Former Pakistan Presi-dent Pervez Musharraf admitted in an exclusive interview to this newspaper that “Kargil was a legacy of the years of warring with India”, but that of all of the leaders in Pakistan, he, “the soldier-president”, was the one who came closest to inking a peace deal with India; not with one but two Indian Prime Ministers — Atal Behari Vajpayee and Manmohan Singh.
“The entire deal was ready — Siachen, Sir Creek, Kashmir — but for some reason Prime Minister Manmohan Singh failed to keep his date to visit Islamabad,” Mr Musharraf said.
Speaking from his plush penthouse apartment in Dubai, Pakistan’s most famous exile said when asked why he had conducted the Kargil infraction for which he had been “demonised” many times over: “You must remember I am a soldier, a battle-hardened soldier who fought the ’65 war, the ’71 war. I have soldierly feelings.

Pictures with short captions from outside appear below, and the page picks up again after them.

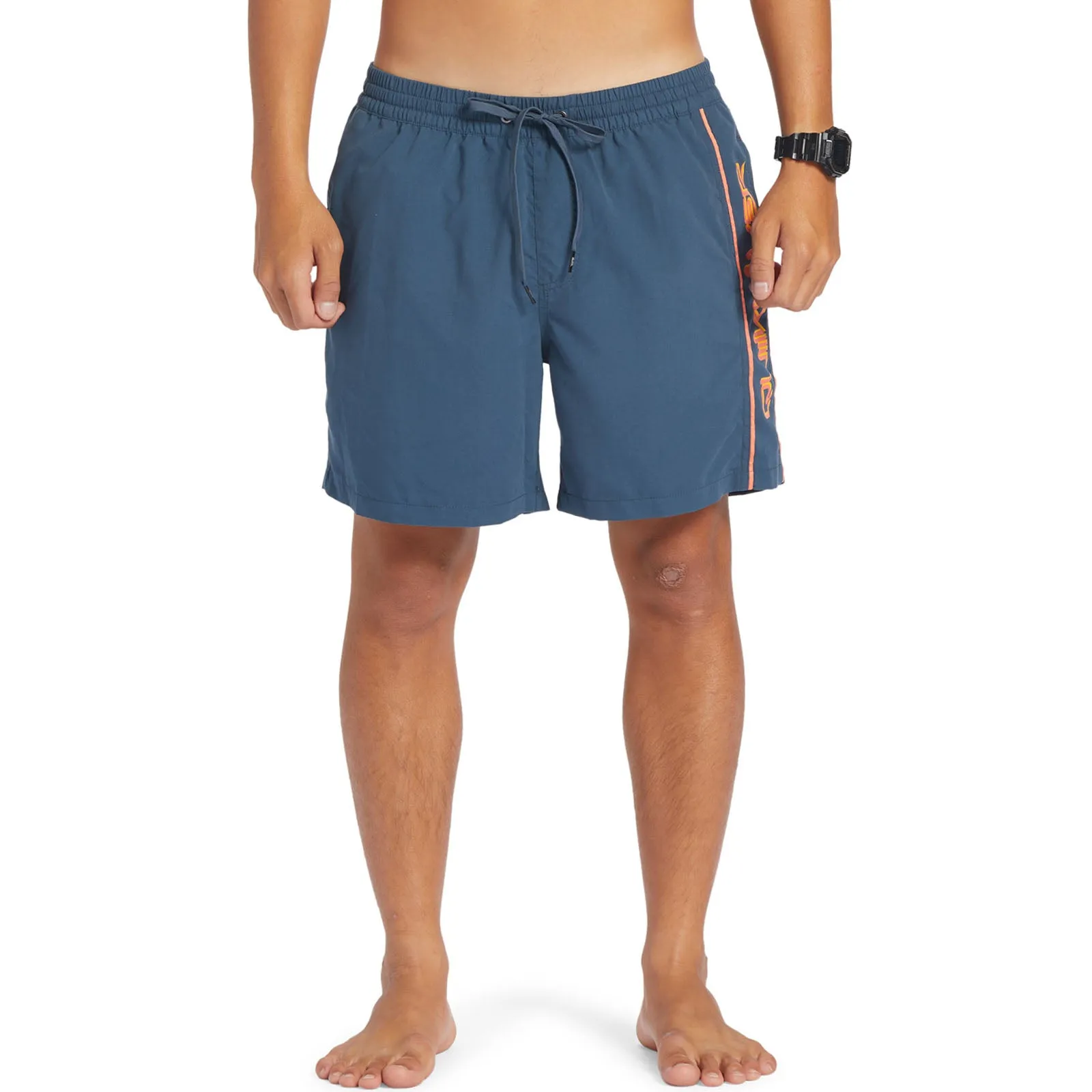 Quiksilver Mens Everyday Vert 16" Surf Swimming Trunks Shorts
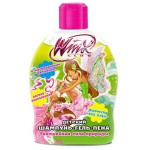 Шампунь-гель-пена детский, Winx club (Винкс клаб) 340 мл Волшебная сила природы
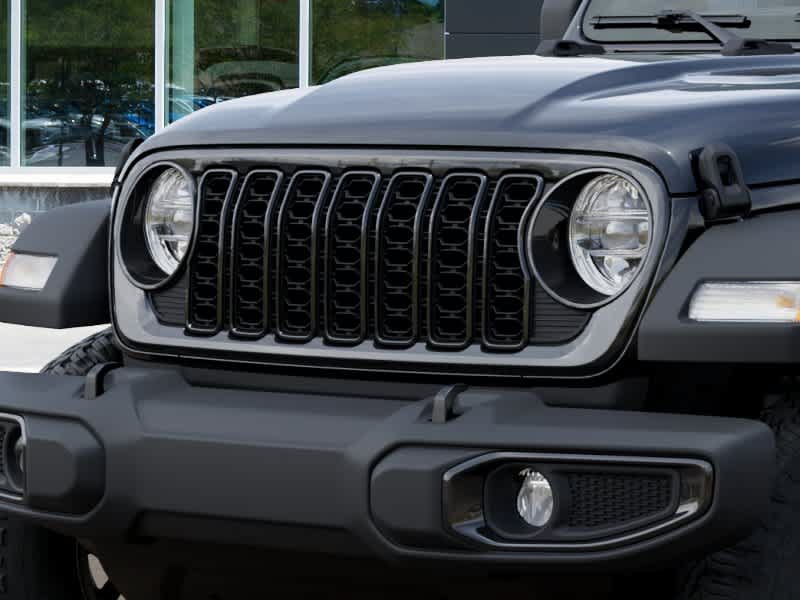 New 2026 Jeep Wrangler Unlimited Sport AWD/4WD image 11
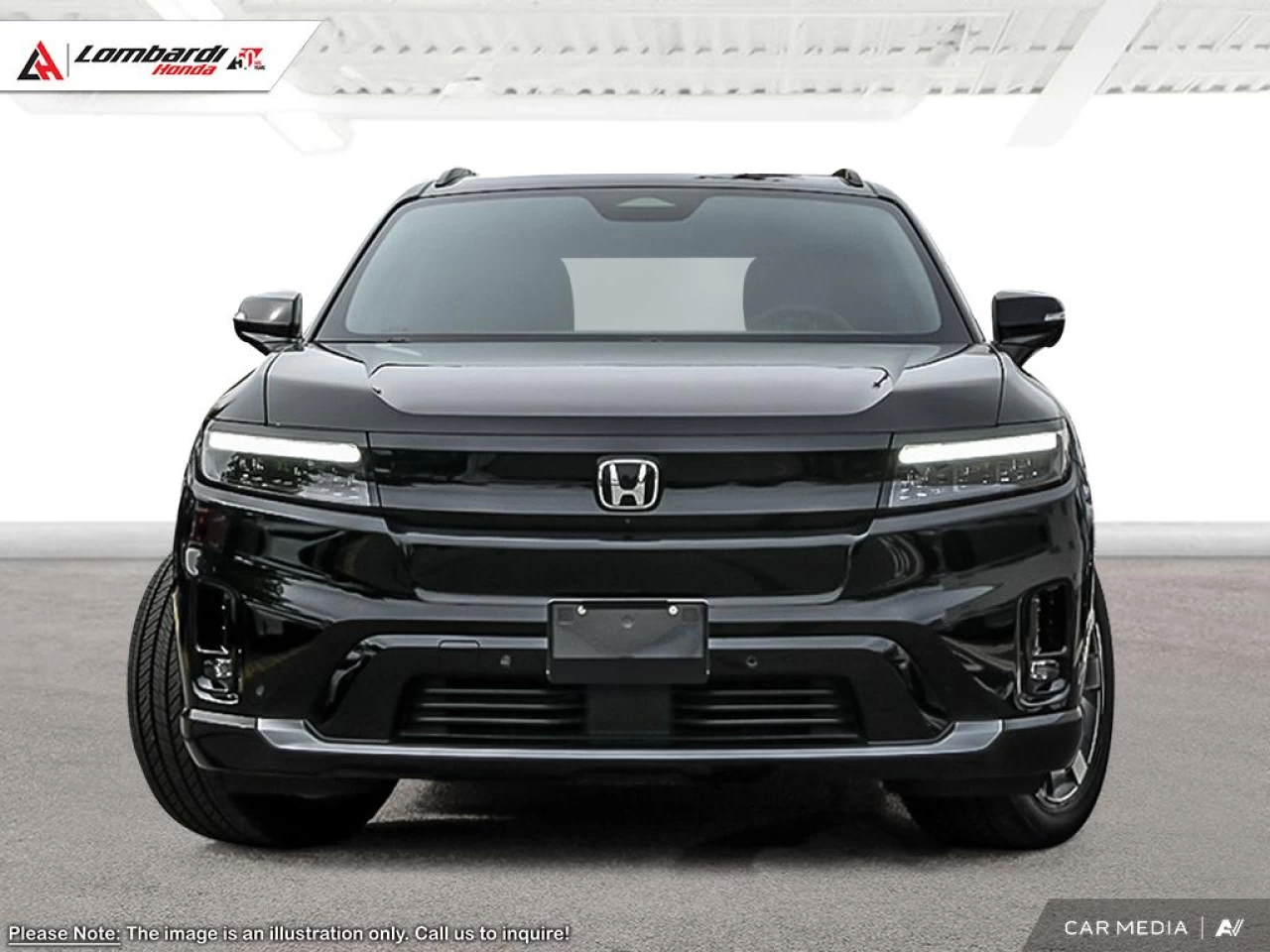 2025 HONDA PROLOGUE EX-L BEV Image principale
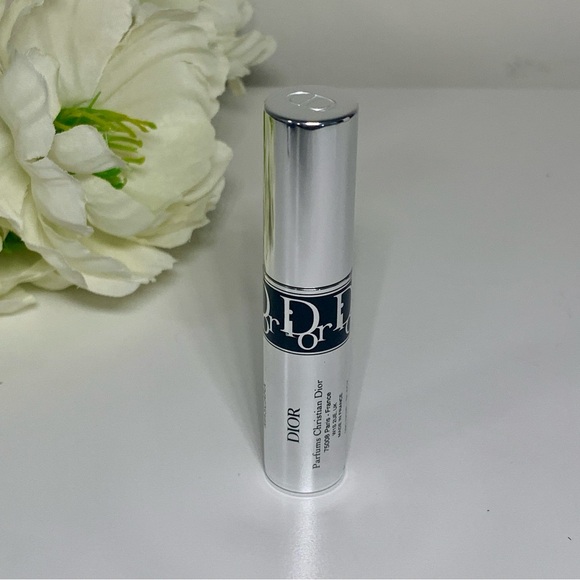 Christian Dior Makeup Eye & Lip Set with Blue Denim Cosmetic Makeup Pouch bag - Picture 3 of 12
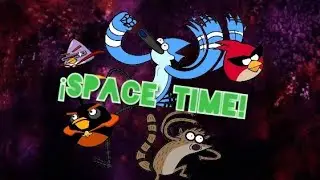 Space Time!
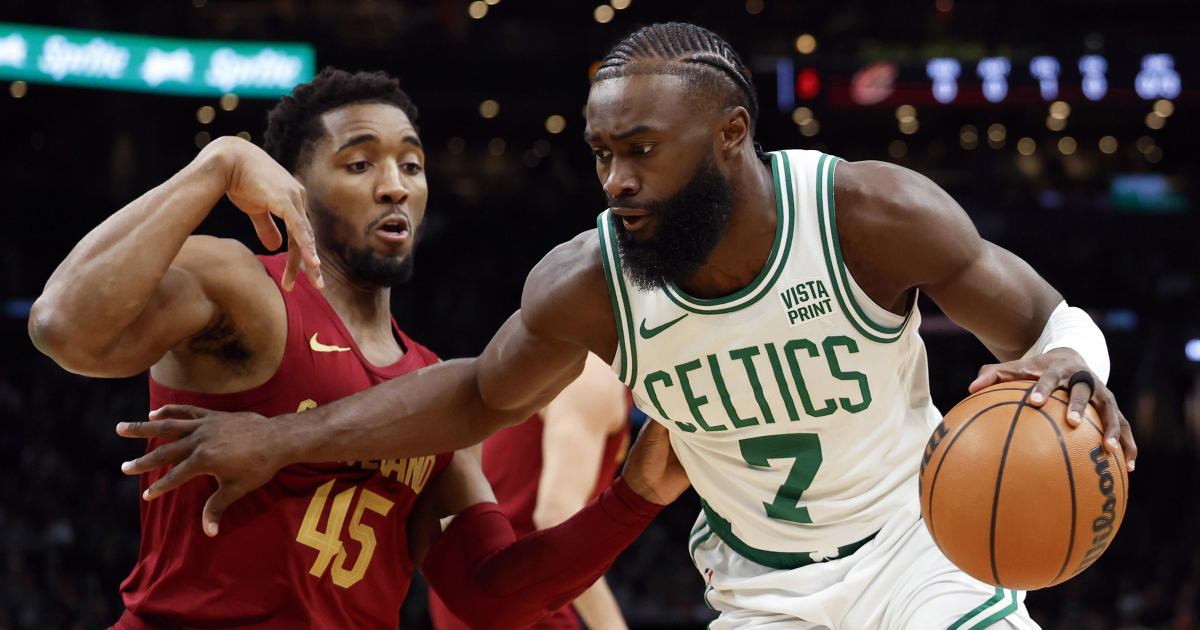 Celtics will face Cavaliers in second round of NBA playoffs - CBS Boston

I hated what happened in East Pakistan. We didn’t even open a front against India. Instead, we surrendered. And I wept.”
“And then what happened in Siachen? In 1986, I was director-general of military operations. I knew exactly what happened. Pakistan laid claim to a part of the glacier which, granted, was no-man’s land, which Indian forces then took over. Think of the effect on a soldier’s mind. Think of the circumstances, the whole complexity. Kargil did not take place in isolation. It was a tit for tat,” the former general said.
In retrospect, he said, “Kargil should be seen in that context, you could call it an aberration, but it was also because we felt very bad”, adding that once he became President, he moved quickly to make peace with India.
“I am a man of war but I am also a man of peace. It takes fighting wars to know the true value of peace. I lost my best friend Bilal in the ’71 war. He was shot dead when standing right next to me. My three-month-old son, who was supposed to be named Shehryar, was renamed Bilal in my friend’s honour,” Mr Musharraf said.